## Material provided
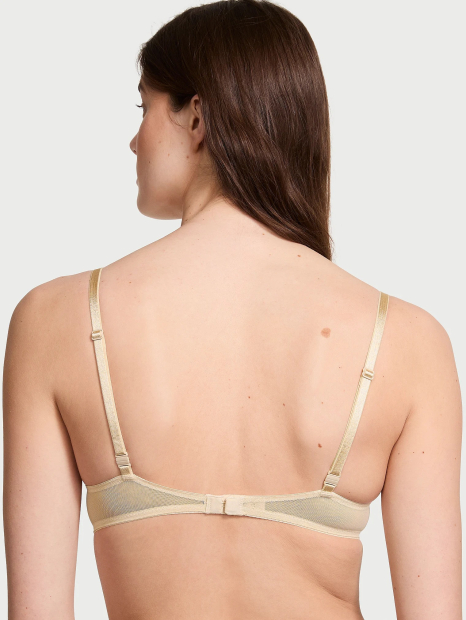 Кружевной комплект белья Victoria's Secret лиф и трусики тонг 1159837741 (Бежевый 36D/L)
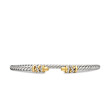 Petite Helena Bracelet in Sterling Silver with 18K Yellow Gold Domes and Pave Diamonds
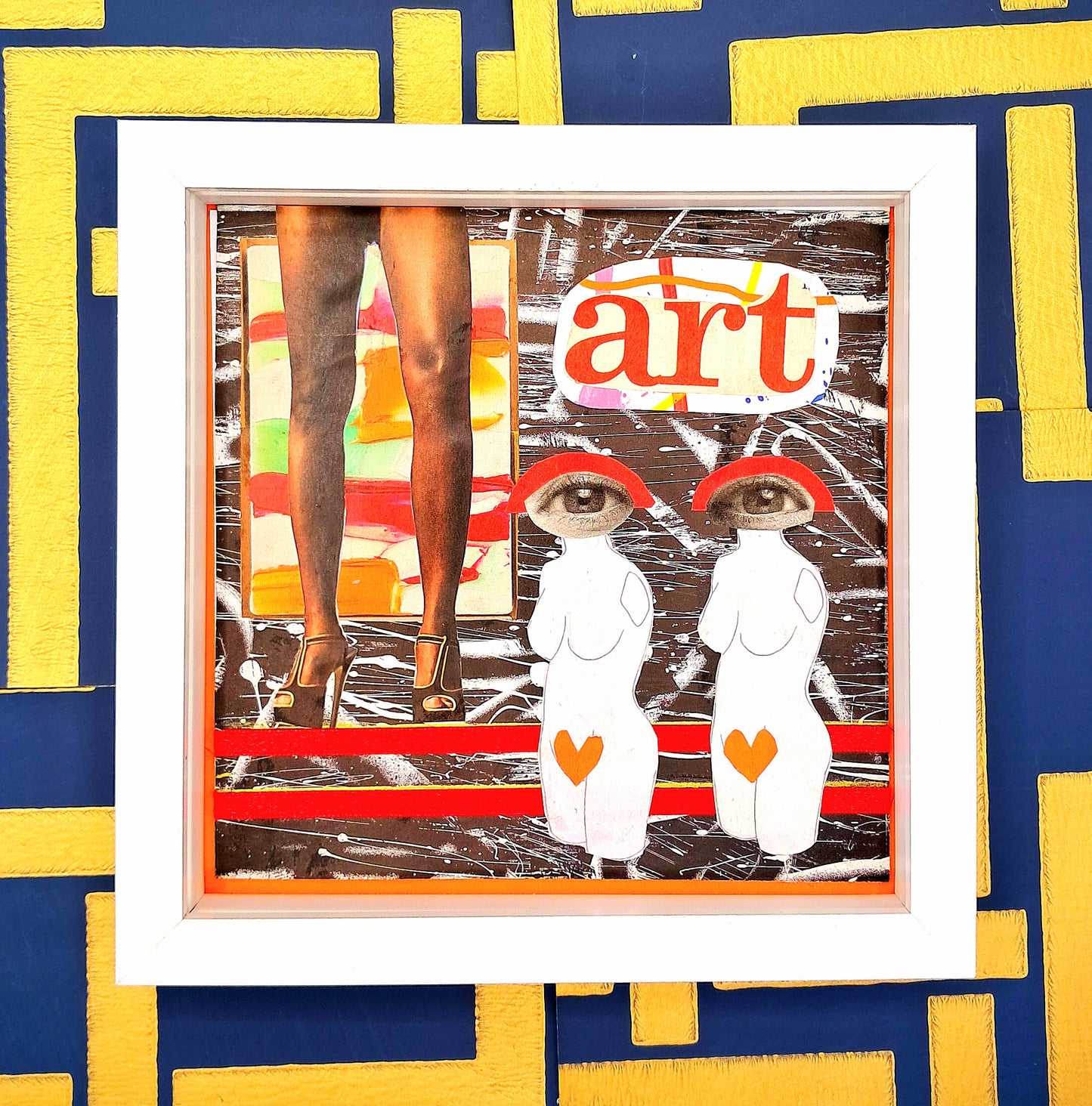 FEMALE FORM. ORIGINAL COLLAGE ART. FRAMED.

==

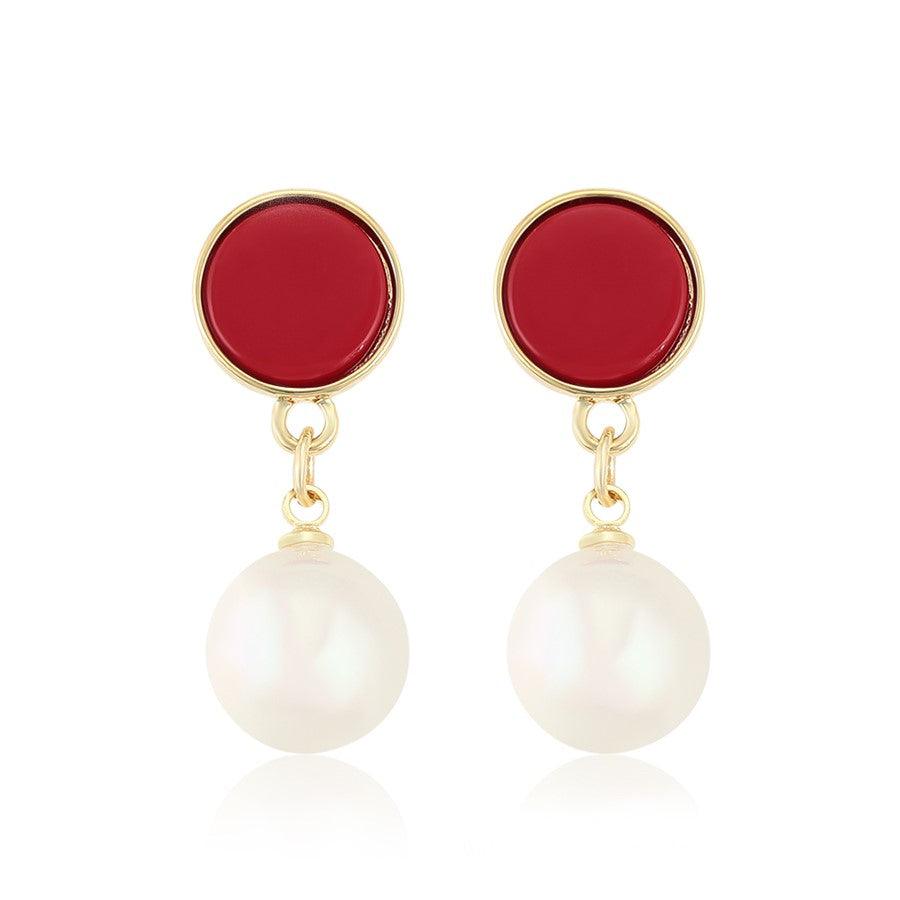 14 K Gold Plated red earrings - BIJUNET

## Task directions
Word for word, write out the lines above running from the one with "Кружевной комплект белья" up to and including the one with "FEMALE FORM. ORIGINAL COLLAGE ART. FRAMED.". Drop any picture.

## Exercise response
 Кружевной комплект белья Victoria's Secret лиф и трусики тонг 1159837741 (Бежевый 36D/L)
 Petite Helena Bracelet in Sterling Silver with 18K Yellow Gold Domes and Pave Diamonds
 FEMALE FORM. ORIGINAL COLLAGE ART. FRAMED.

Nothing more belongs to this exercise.